Failure to Follow PRN Pain Orders and Arrange Timely Pain Management Consult
Penalty
Summary
The facility failed to provide appropriate pain management for a resident with chronic pain conditions, including bilateral hip osteoarthritis with artificial hip joints and fibromyalgia. The physician had ordered pain to be monitored using a 0–10 scale, Dilaudid 8 mg PO every three hours as needed for moderate to severe pain rated 4–10, and Morphine ER 15 mg PO twice daily for pain management. The resident’s care plan identified acute pain with interventions to give medications as ordered and monitor pain levels. However, review of the Medication Administration Record showed that Dilaudid, which was ordered only for pain levels of 4–10, was administered on multiple occasions when the documented pain level was 0/10, indicating no pain at the time of administration. The ADON confirmed that licensed staff should evaluate pain before administering PRN pain medication and that the resident should not receive PRN pain medication when pain is 0/10. The facility also failed to ensure timely follow-through on a physician’s order for a pain management consultation due to uncontrolled pain. The order for a pain consult was written in late October 2025, but the resident had not yet been seen by a pain management specialist at the time of the survey.
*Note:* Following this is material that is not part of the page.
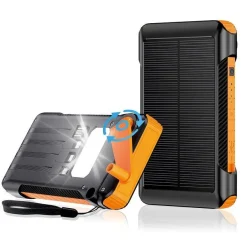 NEU Solar Kurbel Dynamo Powerbank 10Ah 37Wh für Outdoor Camping Wandern Zelten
Progress notes showed repeated attempts to contact the pain clinic, with staff reaching only voicemail on several occasions and no documented successful scheduling of an appointment. During interview, the resident reported generalized pain, difficulty moving, and stated she was supposed to receive Dilaudid every three hours but felt it was not being given as ordered, and that her request to see a pain doctor had not yet been fulfilled. The ADON acknowledged that the pain management consult ordered months earlier had not resulted in an appointment and that the resident’s pain management needed to be re-evaluated.